This is a little problem I’ve been noodling over for a few days. Let’s say your task is to try to determine how “close” users are to each other based on their responses to a shared set of questions. Further, these questions have a continuous range of response values along the range of -1.0 to 1.0.
For simplicity’s sake, let’s call the questions “Red?”, “Blue?”, and “Yellow?”. Each user responds to each question with some value in the [-1, 1] range.
So – how do you determine the net statistical distance between users? Suppose you’re running a dating site and you want to match up users based on minimizing the distance.
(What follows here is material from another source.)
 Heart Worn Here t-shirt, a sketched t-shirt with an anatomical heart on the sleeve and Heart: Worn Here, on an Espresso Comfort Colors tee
Suppose you have a set of geologic survey results that represents a known-good oil field, and you have a comparison set of data for a recently surveyed site, and you want to know if you’re about to drink a milkshake.
Well, it’s obvious you can’t just treat them as vector additions on a 1-d axis; then you’d get values in the range [-3, 3], but you could have lots of tuples that ended up close to each other even though each individual response was way off. Consider the response set [1, -1, 0] vs. [-1, 0, 1] – both vector arrays add to zero, but each individual response very different.
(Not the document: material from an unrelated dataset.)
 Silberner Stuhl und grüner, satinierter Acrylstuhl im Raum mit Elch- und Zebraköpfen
This is going to sound a little odd, but consider an “expanding circle” centered at the origin. The algorithm would work this way:
Start with a point (x,y) = (0,1).
while (remaining items to process in response set)
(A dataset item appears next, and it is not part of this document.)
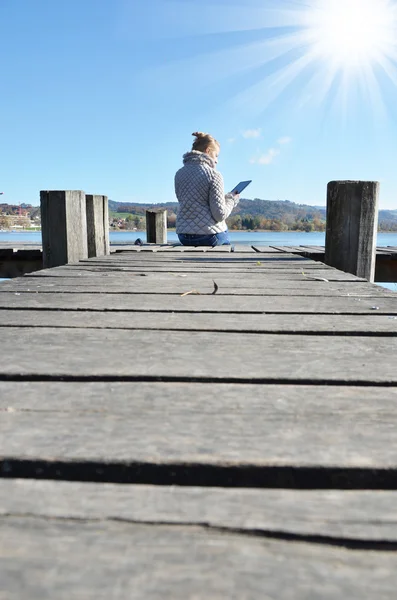Girl reading tablet against lake. — Stock Photo, Image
Take item n from the response set (n=1,2,3…).
Set x to be this value.
Move along the horizontal axis x units (positive or negative).
Draw a new vector from the origin, through your new (x,y) point, to a circle of radius (n + 1).
This algorithm will constrain the responses to a pizza-slice of the positive x region, but (as best as I can figure it out without diagramming it), it reduces the likelihood that you’ll get overlaps. It’s still possible, but I wonder if this general heuristic is applicable to a better solution?
The problem I see with this is that after any random step n, divergent responses such as  and [-1] can actually have the perverse effect of reducing the net distance, not increasing it! Maybe I need to consider only the absolute value of the response, or shift the scale to [0, 2] or something.